Climate and land use changes explain variation in the A horizon and soil thickness in the United States

• Published in: Communications earth & environment Vol. 5; no. 1; pp. 129 - 11
• Main Authors: Zhang, Yakun, Hartemink, Alfred E., Vanwalleghem, Tom, Bonfatti, Benito Roberto, Moen, Steven
• Format: Journal Article
• Language: English
• Published: London Nature Publishing Group 01.12.2024; Nature Portfolio
• Subjects: Anthropocene; Anthropogenic factors; Biogeochemical cycles; Climatic zones; Conservation; Conservation practices; Horizon; Land resources; Land use; Natural resources; Resource conservation; Soil analysis; Soil erosion; Soil formation; Soil moisture; Soil surveys; Soil temperature; Spatial distribution; Temporal variations; Thickness; Topsoil; United States > US
• ISSN: 2662-4435; 2662-4435
• DOI: 10.1038/s43247-024-01299-6

Abstract Understanding spatio-temporal changes in soil thickness and their natural and anthropogenic driving factors are essential for earth system modeling and natural resource conservation. It remains challenging to accurately quantify the spatial pattern of soil thickness, and there is no assessment of its temporal changes at the national scale across eco-climatic zones. Here we compiled a long-term (1950–2018), large-scale (conterminous United States of America) topsoil (A horizon, n  = 37,712) and solum (22,409) thickness data to quantify their spatial and temporal variations using generalized additive models and selected chronosequences in land resource regions.
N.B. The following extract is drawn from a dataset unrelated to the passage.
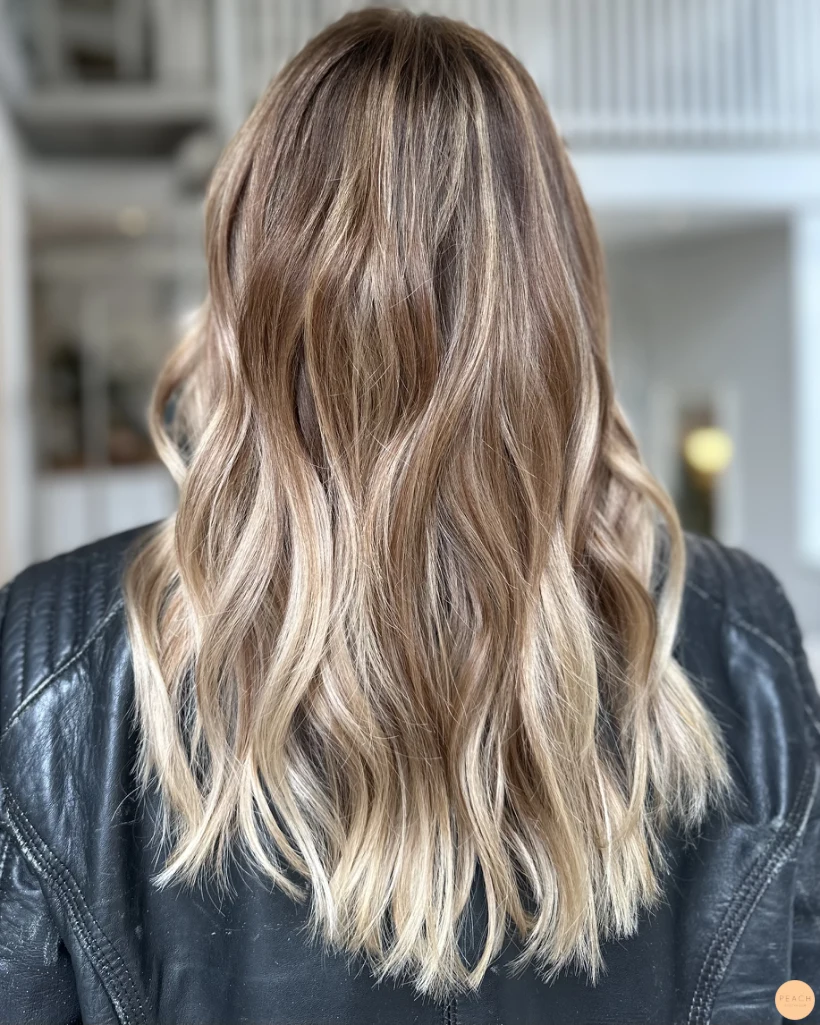 Bronde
Climate was found associated with the spatial distribution of soil thickness, and land use and erosion associated with its temporal variation. The A horizon and solum thickness displayed strong longitudinal patterns, correlated with soil moisture and temperature, respectively. Temporal changes in the thickness varied across land resource regions, affected by topography, land use, and erosion. Severe A horizon loss primarily occurred in Mollisols of the Central Great Plains, Alfisols on steep slopes, and soils under cropping. These findings enhanced our fundamental understanding of soil formation and biogeochemical cycles during the Anthropocene across scales and identified regions for conservation practices to reduce further topsoil loss.